The University of Wolverhampton School of Art Fine Art Undergraduate Degree Show has started. Another year has passed since the last one. Time passes quickly. Time is repetitive. Time is cyclical, but it is moving upwards and onwards, always. A new group of artists are ready to launch themselves on the world, and disperse.
Seeing the show up and running, I suddenly feel as if I’ve been here a long time (four years). Of course, it is just a matter of perspective, I haven’t really been here that long. There have been 50 degree shows in this building in total. And anyway, soon I won’t be here any longer. It feels as if there is no end as time circles around each year, but there always is.
In those four years, which is a mere snip of the total, I’ve seen quite a change in direction and style in the undergraduate degree shows. Each year seems to build on the previous, trying to get closer to something, that allusive notion of perfection. Of course, this is an illusion, perfection doesn’t exist. It is all just a journey. It is ‘difference’ we are all striving for.
On first glance, the work this year appears more subtle, less ambitious in terms of scale, more traditionally executed perhaps and, for want of a better word, physically smaller, than the work on show on previous years. However, this is part of the beauty of it.
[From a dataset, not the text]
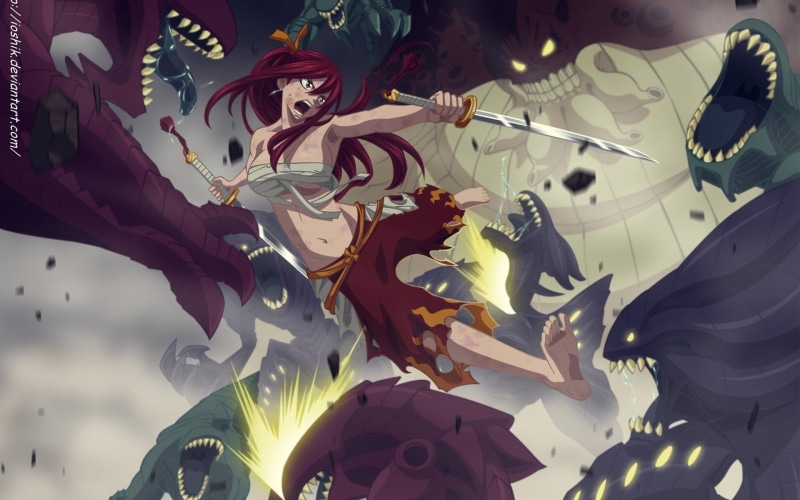 Fairy Tail, tail, art, fairy, x, erza, 1080P, anime, Scarlet Erza, scarlet, hd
Looking closer and looking at each individual piece in turn, taking time to consider each work, I realise that the art objects on display are buzzing, vibrating even, with power and emotional force. You can almost hear it, if you get close enough.
I harp on rather a lot about feeling or sensing the ‘essence’ within an artwork. This is that idea that for an artwork to be pure, it must harness the essence or force of things within it, and the viewer must be able to feel that essence or ‘force’ of life. The students graduating this year have managed to harbour that essence in a new way. I don’t just mean the essence of objects, which is what my practice is about, I am referring to feelings, humanity and thought as well (although they are all ‘things’ too). I felt this again and again as I walked around the show.
On the evening of the show, the following phrase kept popping into my mind: Less is More. Less is More. Less is More. My own degree show piece, two years ago, was the opposite of this. I exploded my ideas visually on the walls to translate my message. I was criticised for this by the Wolverhampton Express and Star. In my case, I was trying to bamboozle the viewer with information to make a point: my project was about repetition and saturation. However, perhaps the punch I was trying to give wasn’t as effective as I had hoped. I diffused it over too great a surface area. Maybe it is true that if you are going to punch, then one punch, executed with more force, more energy, more technical skill, and less surface area is more effective than a barrage of punches.
Whenever I try to review the degree show, I am always torn as to which pieces to highlight. The level of technical skill as well as the ability to ‘punch’ with a message has truly impressed me this year and I feel making a choice is almost impossible. The below works are just a taster.
Tariq Evans’s haunting drawings mesmerised me, to the point I keep returning to them even now as I am here in the studio. I just want to feel the strength of anxiety and angst he has put into them as I relate to that in my own life. It is incredibly powerful. I feel it every time I look at the drawings.
Equally, the digital portraits of Hayley Bowker keep drawing me back to take a second, third, and now fourth look. It is her technical skill that sucks me in. I am interested in the blend of the digital and the real and her drawings, made digitally, illustrate that there really isn’t that much difference between the two. It is possible to ‘punch’ with data.
I was attracted to the work of Charlotte Nock for it’s simplicity and it’s theme which is similar to mine when I graduated: repetition, anxiety and creativity. I felt that force very strongly through her simple pieces, illustrating the point effectively about the power of the punch.
Alexandra Fitzgerald’s two contrasting video image and footage – one moving, one still, one on black, one on white, one in day, one in dark, one in a generic city, one in a specifically English location – spoke to me as well. We are all guilty of invisibility cloak syndrome. We look out, but we are also being looked upon. There is tension there. It is constant too, in the real world and the virtual one. It applies on the macro level more so now then ever, and on the micro level also of our interactions with everyone we pass by.
So, I am inspired now to think of a way to punch for my own final show in October. The art journey continues. Onwards and upwards.